Consider my gob fully smacked.

And then you’ve got Don West. Here’s a guy who claims to have signed up for the colony mission strictly for the money, but as the show trundles along its clear that he’s really in it for the excitement. And the money. I’m not going to talk too much about specifics because I don’t want to ruin any of his fun surprises. At one point early on, Doctor Smith blabs the whole reveal by observing that Don affects an aloofness, but that deep down he truly cares. One example serves to illustrate the point. He saves a chicken from a deadly obsidian hail-storm, professes he did it to save for dinner, and then later reveals that its now his lucky chicken*. He’s the lovable rogue with a heart of gold, and ultimately his exuberant humor and wholesome desire to do the right thing (while maybe taking a little cut off the top) makes me long for the Don West show. He is exactly the kind of hero that Hollywood has promised and failed to deliver for decades.

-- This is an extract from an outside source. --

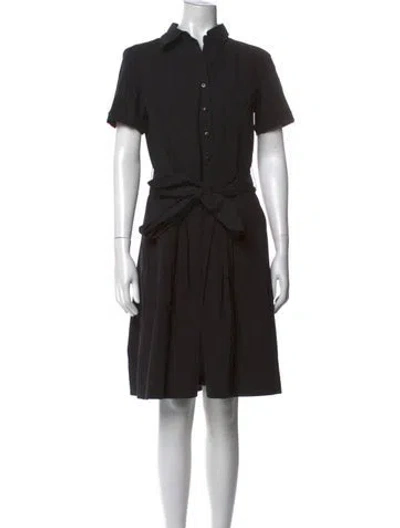Pre-owned Frances Valentine Knee-length Dress W/ Tags In Black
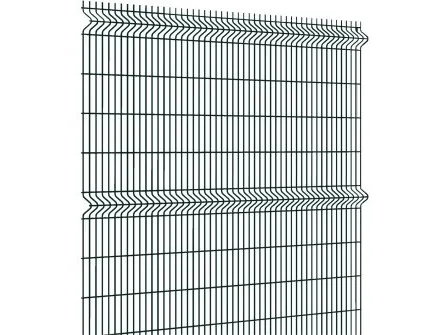 Фото №0 3Д Панель для забора GL Medium 1,73х3,0м RAL 6005 (зеленый)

Where Papa Robinson is the kind of guy you want as a friend and neighbor, Don West is the kind of guy you want as a friend and drinking buddy.

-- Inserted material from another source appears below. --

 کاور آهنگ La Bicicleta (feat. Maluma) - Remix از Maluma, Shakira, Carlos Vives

And you want both of those by your side if you want to escape from a deep gravity well, rendezvous with a mothership that may or may not still exist, and somehow find a way back to your new home on Alpha Centauri.

Remember that? Remember how they crashed on an alien planet? Sometimes the show forgets. Who cares about fuel drinking worms the size of your leg or dinosaurs barely seen through the trees or ship-eating glaciers or razor rain or magnesium volcanoes or any of the hundreds of other threats and beauties of a hostile and wonderful alien planet when we can fight about child custody battles…

Sigh.

The show gives us all of those things; it just parcels them out so slowly. We get rising clouds of pink phosphorescent flying jellyfish. We get camouflaged alien bugs and drippy, glowy fungus pods, and they are nice breathes of fresh air amid the oppressive relationship drama. The showrunners watched the idealized family from the original series and the focus on adventure and then tried to pull back, but overcorrected. They need to dial back the family drama and dial up the natural disasters and puzzle solving and engineering jury-rigged solutions.

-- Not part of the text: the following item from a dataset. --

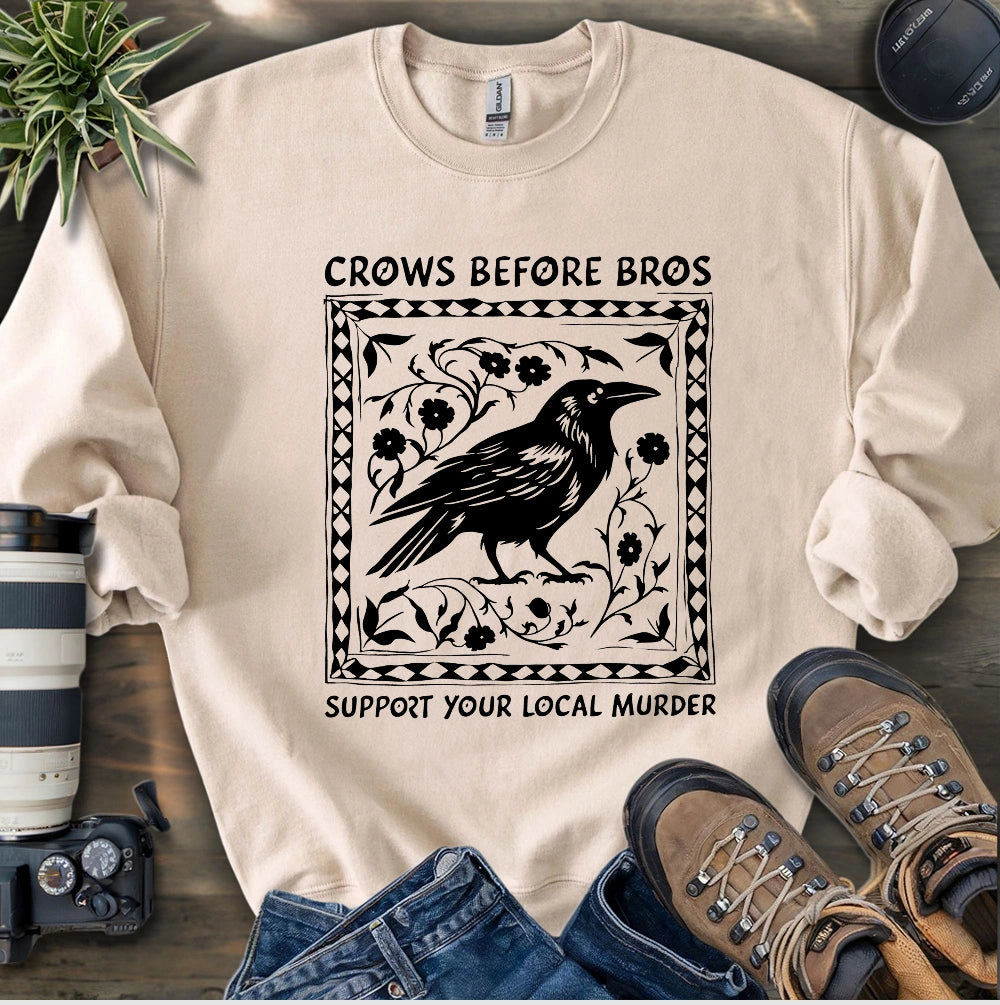 Support Your Local Murder Sweatshirt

That said, it’s hard not to root for this plucky little show. The diktats of the commissars of modernity place strict controls on what showrunners are allowed to show us these days. Despite those stringent requirements, Lost in Space has managed to squeeze enough crimethink past the censors to keep me interested in the show at least through the end of Season One.

It’s also just as cheesy as the 1960s version, but without the self-awareness.  They have all the same pseudo-science driven by plot needs, monsters of the week, two-fisted action, and forced melodrama.  The production values might have changed, but at heart this is still an over-the-top and unserious show that prefers adventure to deep introspection.

That’s not a complain.

My guess is that they’ll tighten the screws for Season Two. They will crank up the grrl power and turn Don West, space scoundrel, into a craven and selfish copy of original series Doctor Smith. My only hope is that his face-heel turn arises from being sick of the Robinson’s petty crap. Because that way I’ll identify with him as an anti-hero doing what I’ve wanted to do since Episode One.

 

*On a personal note, the chicken, Deb, has proven the high point of the show for my youngest daughter as it looks exactly like her own pet chicken Bolt. The question of whether or not they’ll eat Deb adds a layer of suspense to the proceedings for her that I can’t help but get swept up in. Your mileage, naturally, may vary.